Oliver Wendell Harrington (February 14, 1912 – November 2, 1995) was an American cartoonist and an outspoken advocate against racism and for civil rights in the United States. Of multi-ethnic descent, Langston Hughes called him "America's greatest African-American cartoonist". Harrington requested political asylum in East Germany in 1961; he lived in Berlin for the last three decades of his life.

Biography

Early life 
Born to Herbert and Euzsenie Turat Harrington in Valhalla, New York, Harrington was the oldest of five children. He began cartooning to vent his frustrations about a viciously racist sixth-grade teacher and graduated from DeWitt Clinton High School in the Bronx in 1929.

Cartooning career 
Immersing himself in the Harlem Renaissance, Harrington found employment when Ted Poston, city editor for the Amsterdam News became aware of Harrington's already considerable skills as a cartoonist and political satirist. In 1935, Harrington created Dark Laughter, a regular single panel cartoon, for that publication. The strip was later retitled Bootsie, after its most famous character, an ordinary African American dealing with racism in the U.S. Harrington described him as "a jolly, rather well-fed but soulful character." During this period, Harrington enrolled in Fine Arts at Yale University to complete his degree, but could not finish because of the United States entry into World War II.
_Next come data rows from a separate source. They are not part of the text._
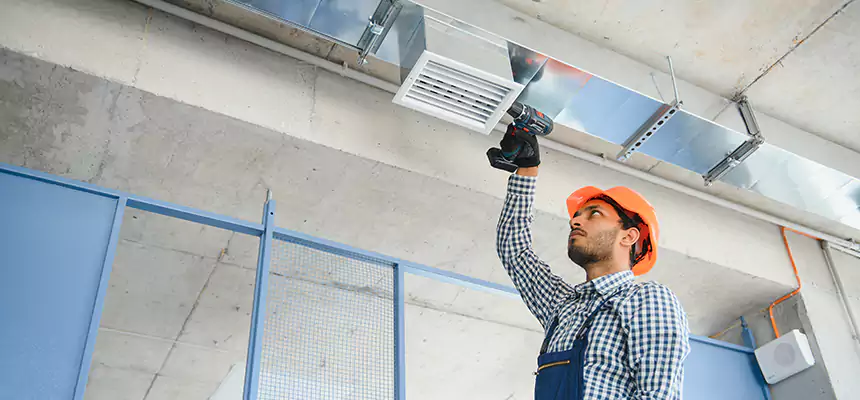 Efficient Exhaust Vent Cleaning in Gladstone, MO
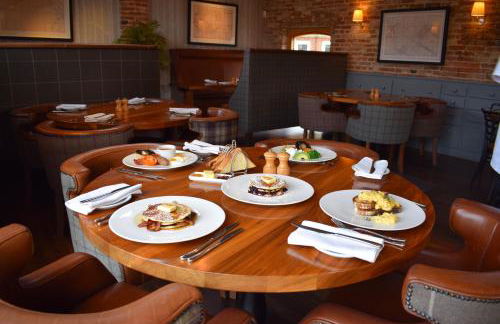 The Brewhouse - Foto 3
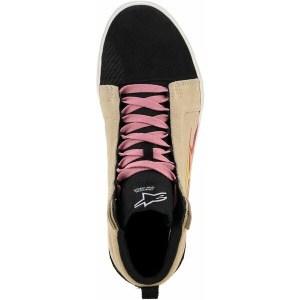 Ghete moto ALPINESTARS RIDE-63 CANVAS - Img 13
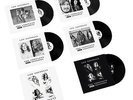 LED ZEPPELIN   COMPLETE BBC SESSIONS   DELUXE 5 X 180gsm VINYL LP EDITION   NEW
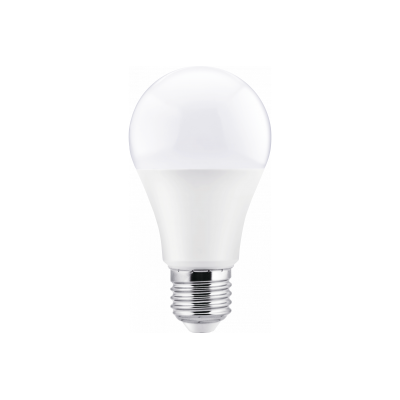 G-TECH LED Světelný Zdroj, 3ks., A-G, A60, 4000K, E27, 10.0W, AC220-240V, 200°, 940lm, 87mA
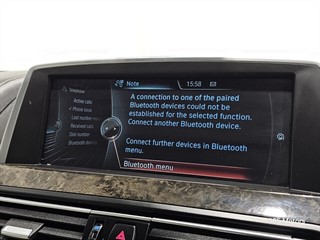 Used BMW 640d from 365 Motors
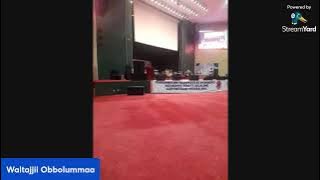 Baandii Biiftuu Oromiyaa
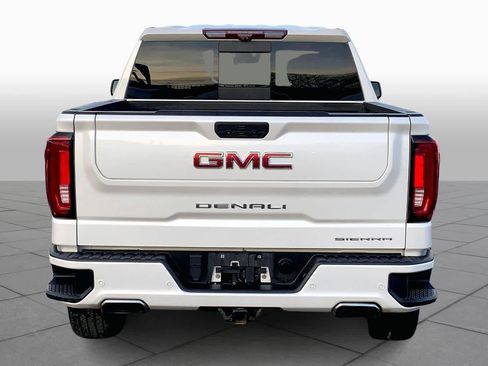 Used 2021 GMC Sierra 1500 Denali w/ Denali Ultimate Package image 4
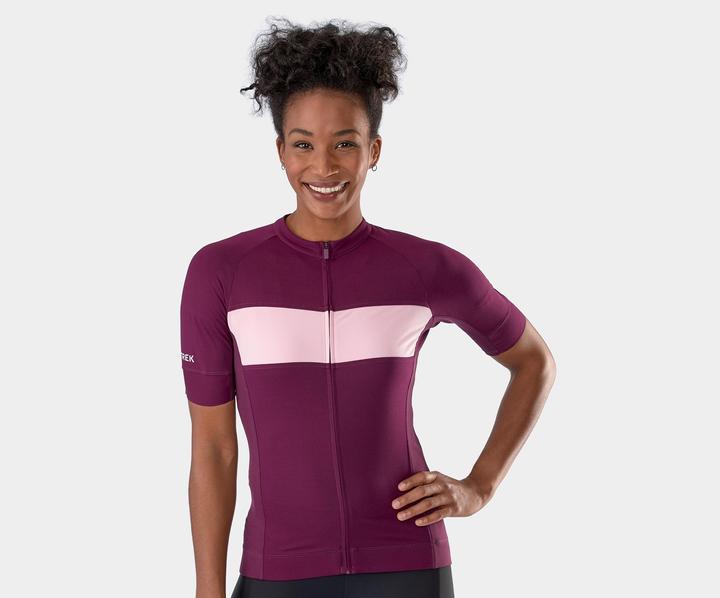 Produktbild Trek Circuit Women's LTD Radtrikot (XS)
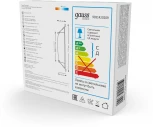 Светильник встраиваемый Gauss Downlight 9031420209 9W 720lm 4000K IP20 белый LED (220V)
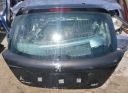 PEUGEOT 207 06-12 КРЫШКА БАГАЖНИКА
On October 18, 1941, he started publication of Jive Gray (1941–1951), a weekly adventure comic strip about an eponymous African-American aviator; the strip went on until Harrington moved to Paris.

Civil rights 
During World War II, the Pittsburgh Courier sent Harrington as a correspondent to Europe and North Africa. In Italy, he met Walter White, executive secretary of the NAACP. After the war, White hired Harrington to develop the organization's public relations department, where he became a visible and outspoken advocate for civil rights.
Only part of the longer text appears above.